THE PROBLEM: Leaving out all pictures, write out word for word the lines from the one containing "TBD FRIO LOT 366, Bandera, TX, 78003" to the end of the data below.

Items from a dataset

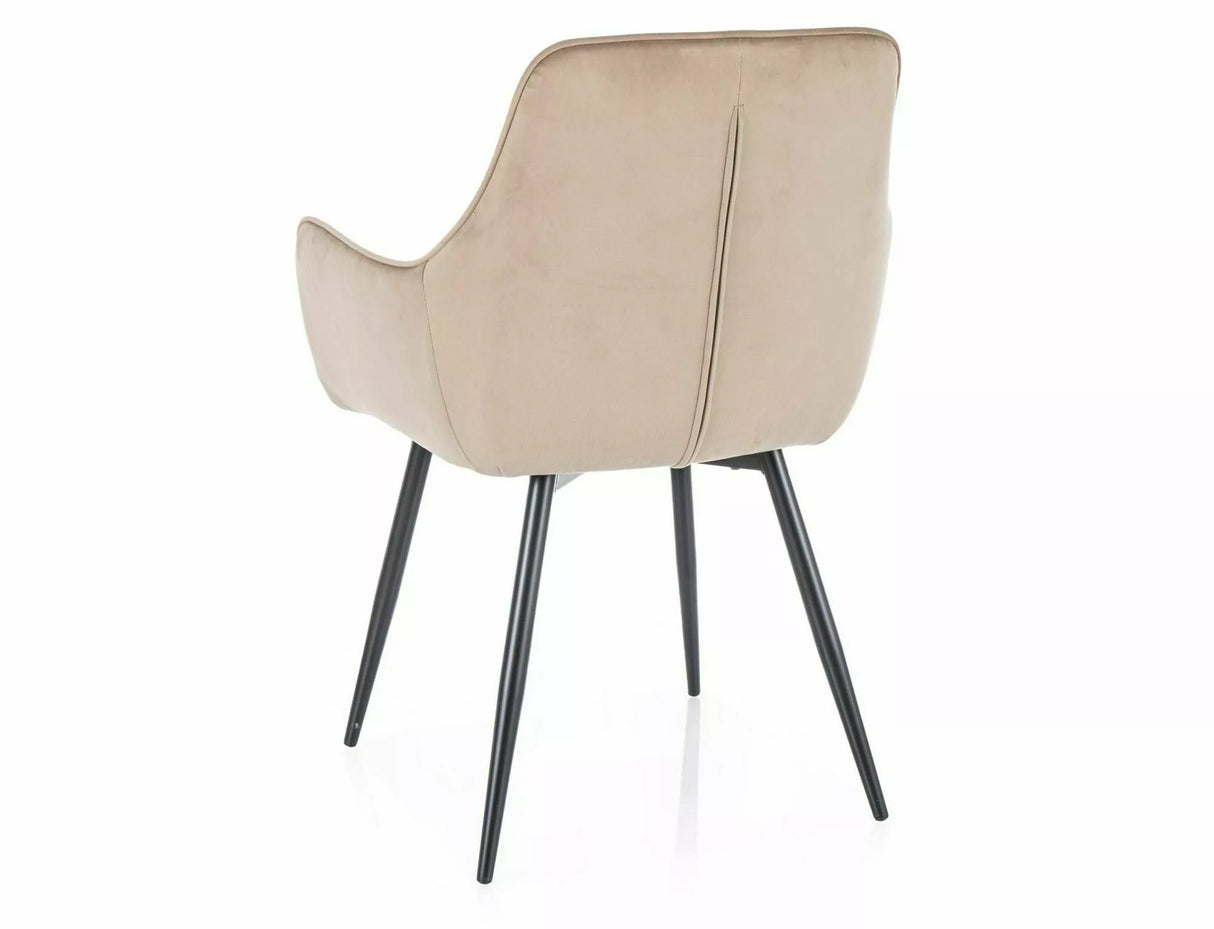 Dining Chair SG2862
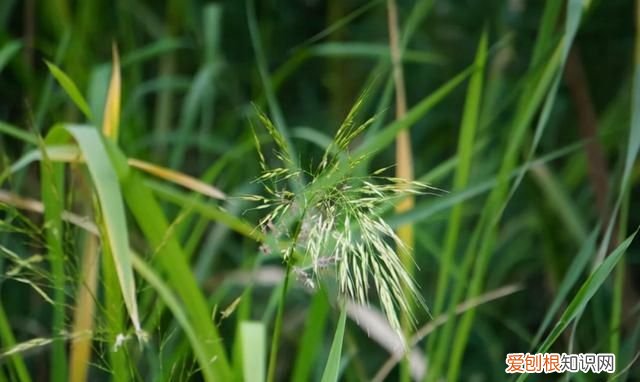 颜色黑如炭，却曾是皇家贡品，如今更是50元1斤
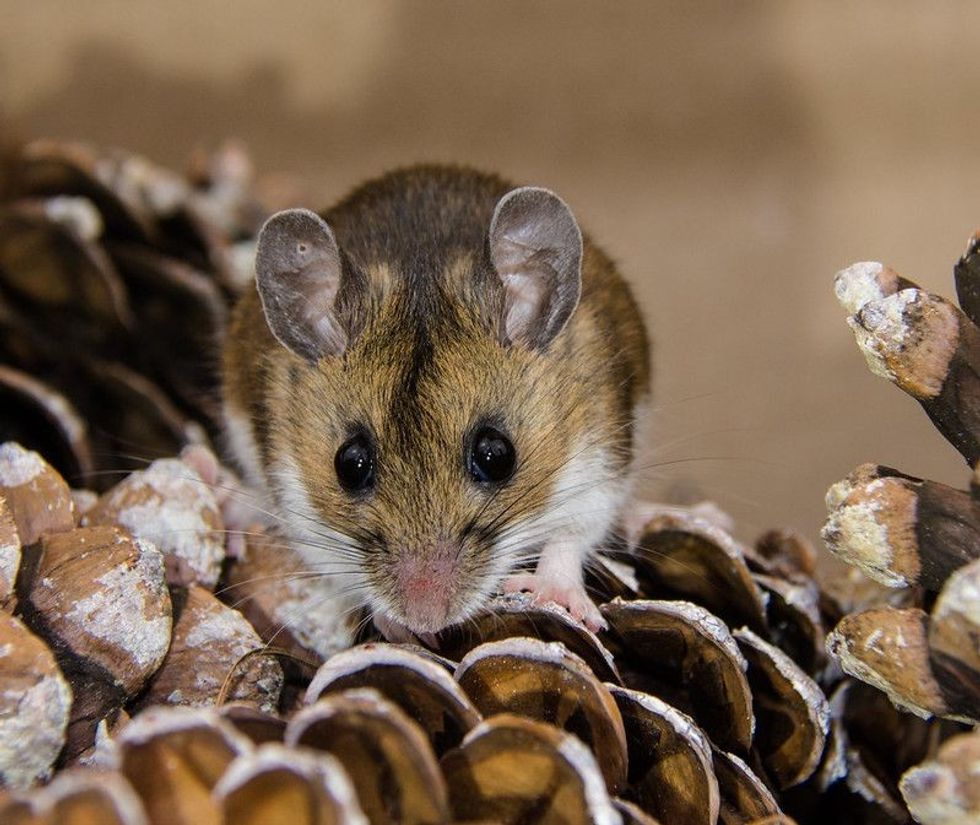 Front facial view of a wild brown house mouse.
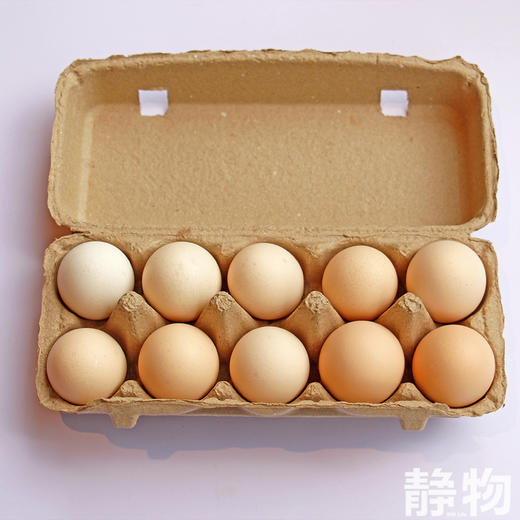 有机鸡蛋10枚/盒｜安徽宿州 商品图2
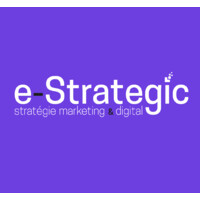 e-Strategic logo - Similar company to Mmo Techno - First Cioaas Provider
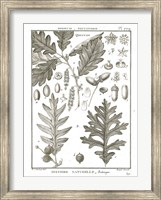 Framed Histoire Naturelle Botanique I Light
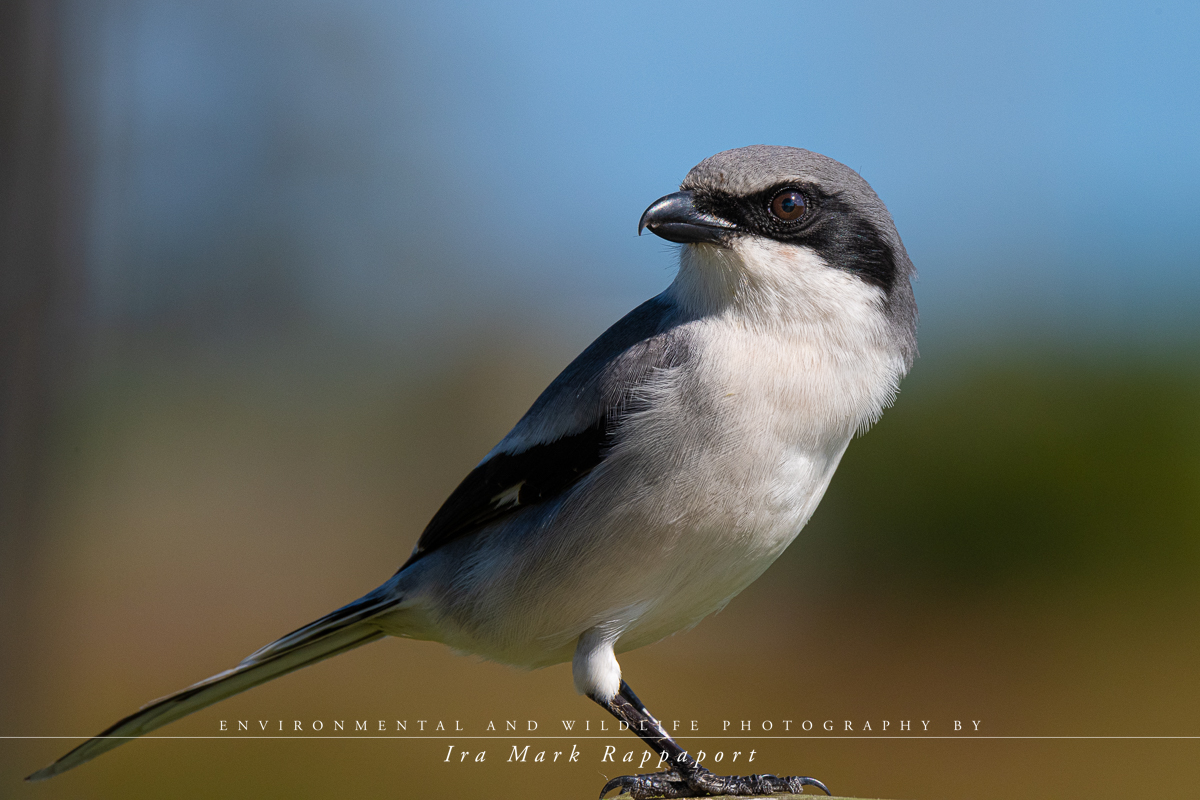 Loggerhead Shrike.jpg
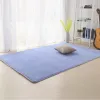 Pads Antislip Living Room Mat Rug Carpet Bedroom Rug Kitchen Mat Carpets for Living Room Bathroom Carpet Kitchen Rug Rugs Home Carpe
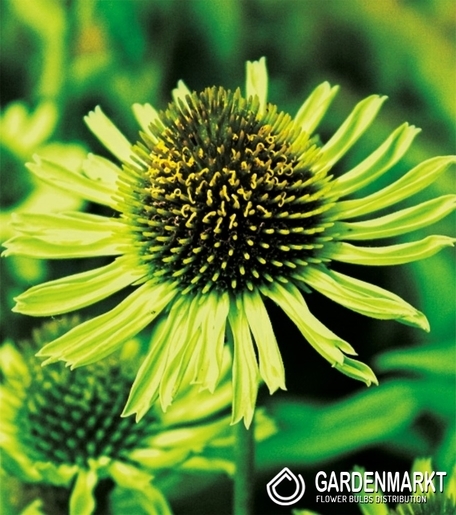 Echinacea-Jeżówka Green Jewel 1 szt.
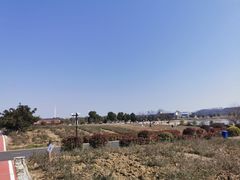 -西京湾花海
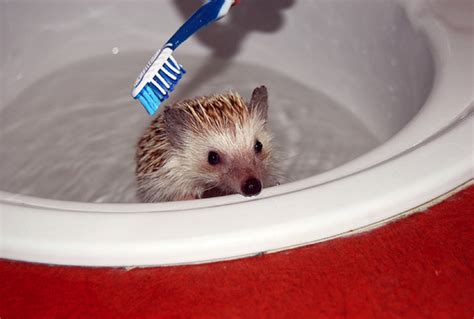 25 Cute Animals Taking Baths 25 Pics Amazing Creatures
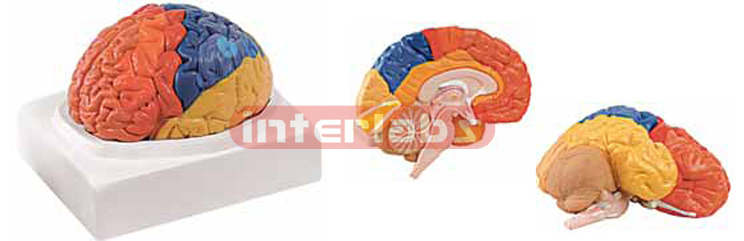 Regional Brain Model, Size : 16x20x14 Cm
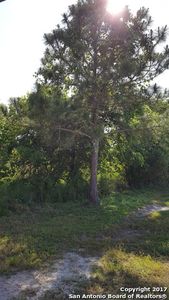 TBD FRIO LOT 366, Bandera, TX, 78003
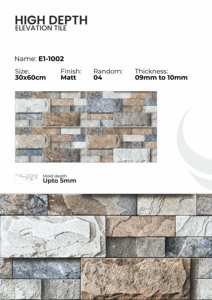 Azulejos de Porcelana para Elevación de Paredes de 300x600 mm, Acabado Exterior - Product Image 4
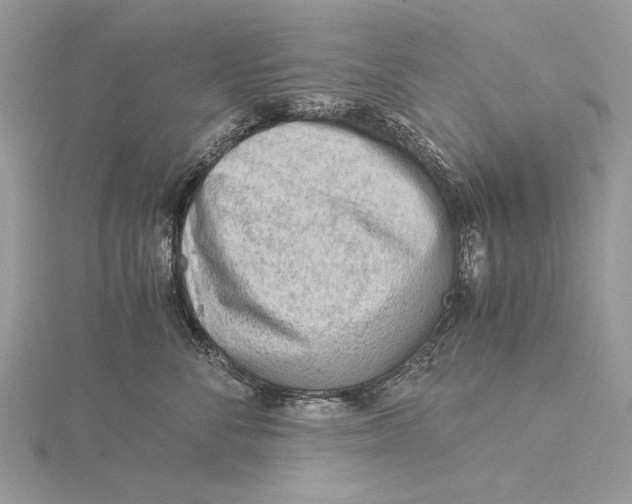 X0000115820716200912041627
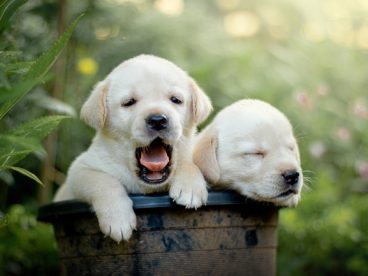 软萌可爱拉布拉多犬图片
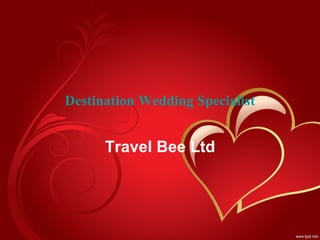 Destination Wedding Specialist Travel Bee Ltd 
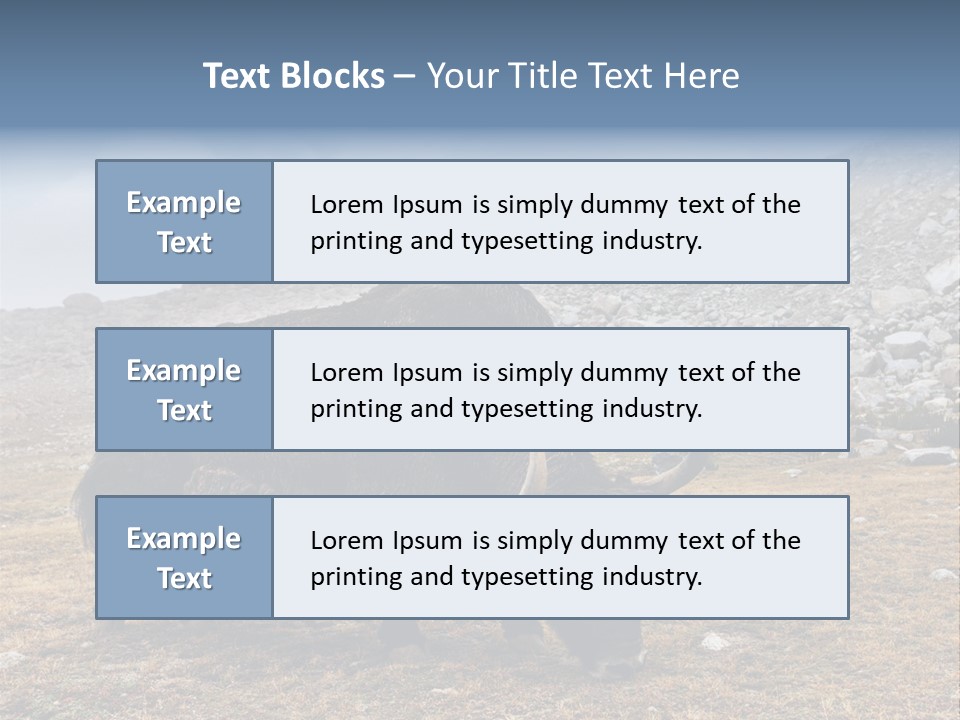 Fur Asia Rock PowerPoint Template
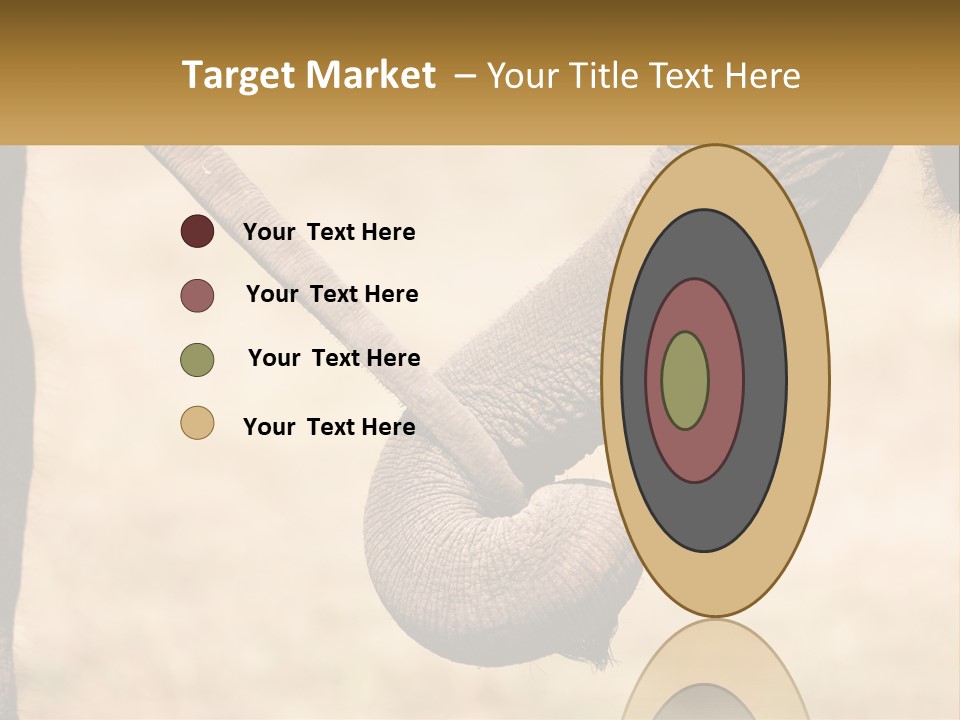 Baby Elephant Holds On To Mom's Tail PowerPoint Template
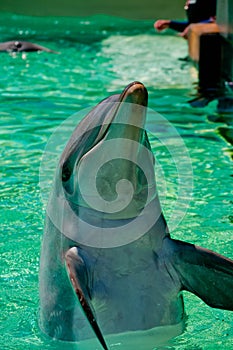 Dolphin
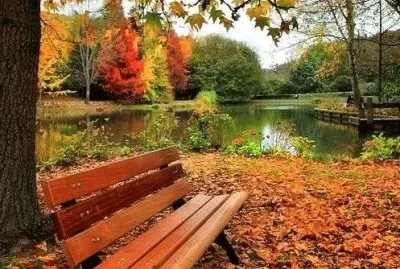 imagem jigsaw puzzle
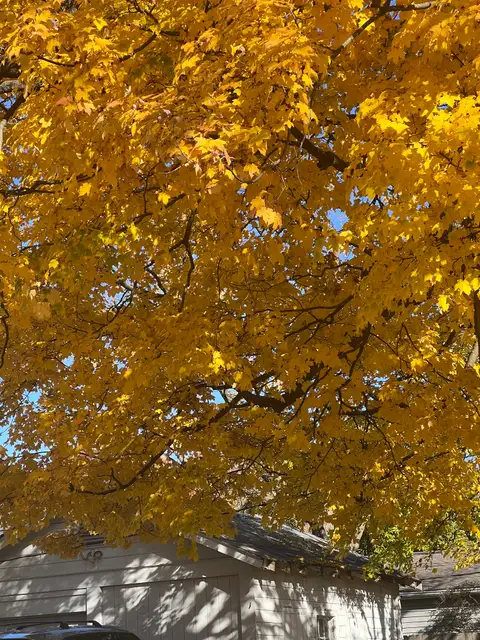 Pure autumn bliss, bathed in golden light.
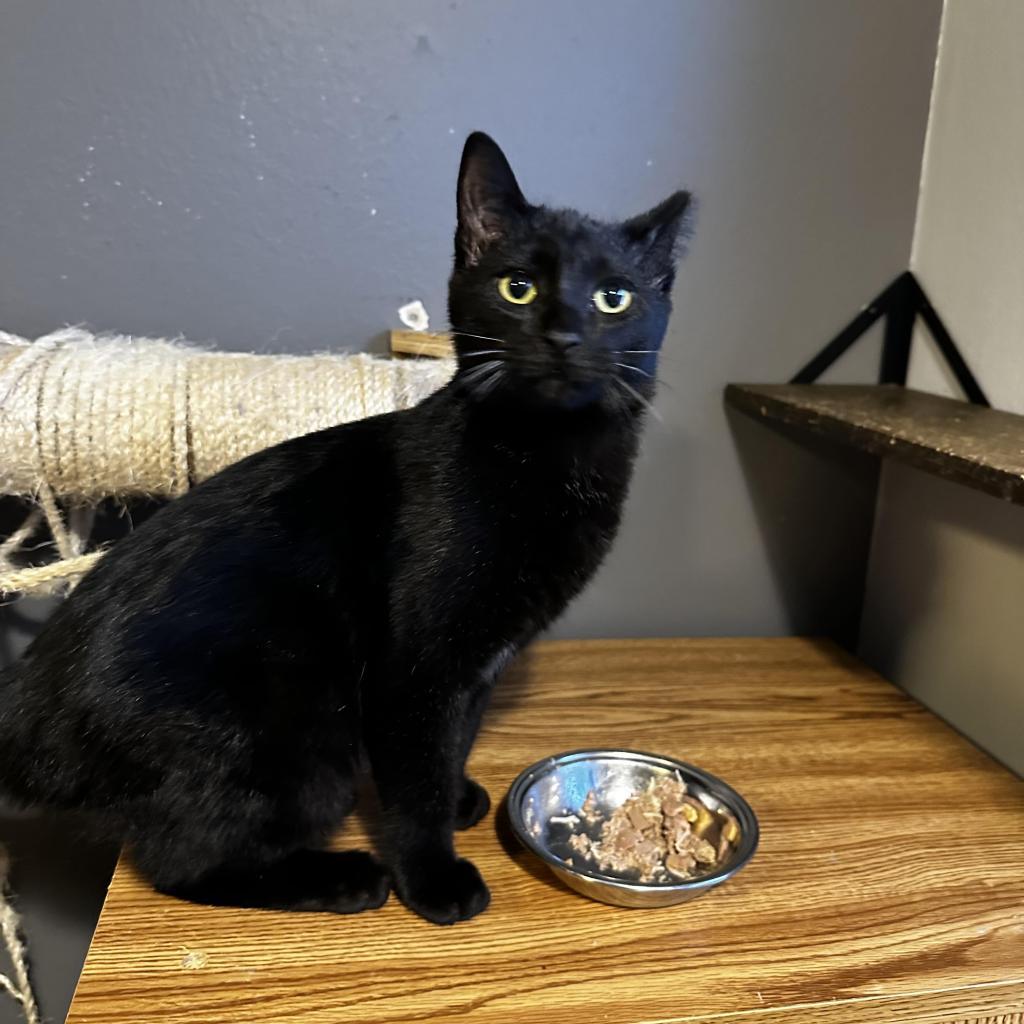 Enlarge Boris, a Adoptable Domestic Short Hair in Ferndale, MI image 3/6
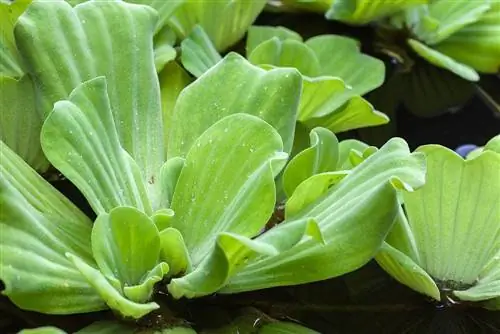 kaw cov dwarf lettuce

ANSWER BELOW:
 TBD FRIO LOT 366, Bandera, TX, 78003
 Azulejos de Porcelana para Elevación de Paredes de 300x600 mm, Acabado Exterior - Product Image 4
 X0000115820716200912041627
 软萌可爱拉布拉多犬图片
 Destination Wedding Specialist Travel Bee Ltd 
 Fur Asia Rock PowerPoint Template
 Baby Elephant Holds On To Mom's Tail PowerPoint Template
 Dolphin
 imagem jigsaw puzzle
 Pure autumn bliss, bathed in golden light.
 Enlarge Boris, a Adoptable Domestic Short Hair in Ferndale, MI image 3/6
 kaw cov dwarf lettuce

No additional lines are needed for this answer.